I would be very interested in working on a LLVM project during this GSoC. Implementing a PoC for an unsequenced modification checker in CSA helped me discover LLVM. However, I would like to dive deeper in this project.

I've seen some of the proposals, and I would like to ask a few questions about two of those.

As you might have guessed, I have some interest in the checker for dangling string pointers :

- Do you think it would help if I kept working on improving my unsequenced modification checker to get more familiar with Clang Static Analyzer ?

I'm also interested in the command line replacements for GNU Binutils :

- What tools would you like to replace in priority ?
- Does this subject imply to add options/features to some of the tools, or is it only about handling command line ?

Thank you very much,

Hey,

Hey, welcome!

I'm curious about the unsequenced modification checker, is it something that I should have seen but missed for whatever reason? It might be useful, and I think I'm seeing why don't compiler warnings cover all cases, i.e. why the analyzer's path sensitivity would help here. But I can't answer until I see it :slight_smile: -eg. on our Phabricator.

We are currently having two confirmed mentors for the Analyzer for now (me and George), so we'd most likely be able to mentor one student each, for two projects, and it'd likely be the two projects we proposed - unless someone proposes something really interesting. And already two fairly motivated students have shown up here in the mailing lists, but this shouldn't stop you from posting your own proposal here in cfe-dev (most of the analyzer contributors aren't actively scanning llvm-dev, as far as I know).

I don't know much about the binutils replacement project; someone else should reply on that one.

A couple of words about the use-after-free-like checker for values managed by temporary objects (mostly strings) that go out of scope. Because internals of std::string and other similar classes are too hard for the analyzer's generic use-after-free checker to understand (mostly due to how hard it is to track STL's internal invariants, and how not all of the code is necessarily present in the header), an API-specific checker seems to be necessary.
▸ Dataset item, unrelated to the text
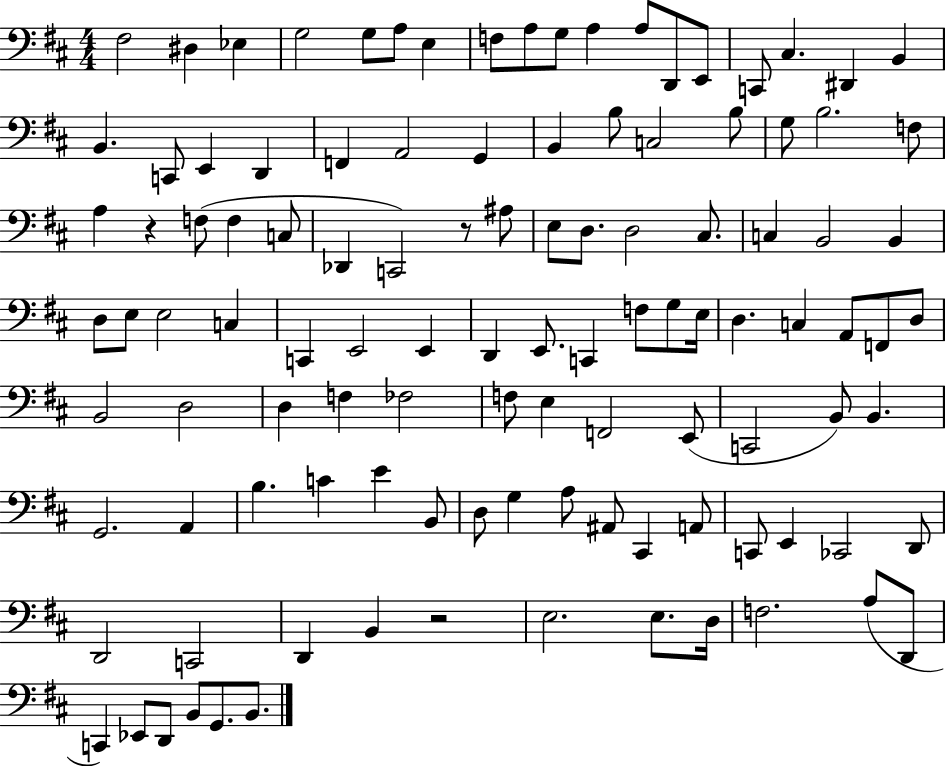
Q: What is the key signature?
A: D major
The original plan we've had in mind was to keep track of dangerous values like str.c_str() in the program state (similarly to how SimpleStreamChecker tracks file descriptors) and then see if any of them are still present in memory at the end of the original value's lifetime (similarly to how StackAddrEscape checker finds stack pointers at the end of a function's stack frame).

The unknowns here include how easy would it be to track scopes (for now we only track function scopes, but if fairly old but recently reincarnated patches [1] and [2] land any time soon, we may get a much better granularity), how easy would it be to track objects when they are moved or lifetime-extended by binding to references, which was a large problem for other C++ object checkers, but we may work our way around it to some extent (or do it properly, depending on my current work outlined in [3] and in follow-up mails in February), and also how helpful inlining would be (eg. would we be able to automagically support string_view-like classes by inlining their methods?). So the checker would need an almost indefinite amount of incremental improvements once the initial prototype is done, some of which must be fairly curious and would certainly expose you to some of the analyzer's internals.

Hi,

Thanks for replying !

Hey, welcome!

I'm curious about the unsequenced modification checker, is it something that I should have seen but missed for whatever reason? It might be useful, and I think I'm seeing why don't compiler warnings cover all cases, i.e. why the analyzer's path sensitivity would help here. But I can't answer until I see it :slight_smile: -eg. on our Phabricator.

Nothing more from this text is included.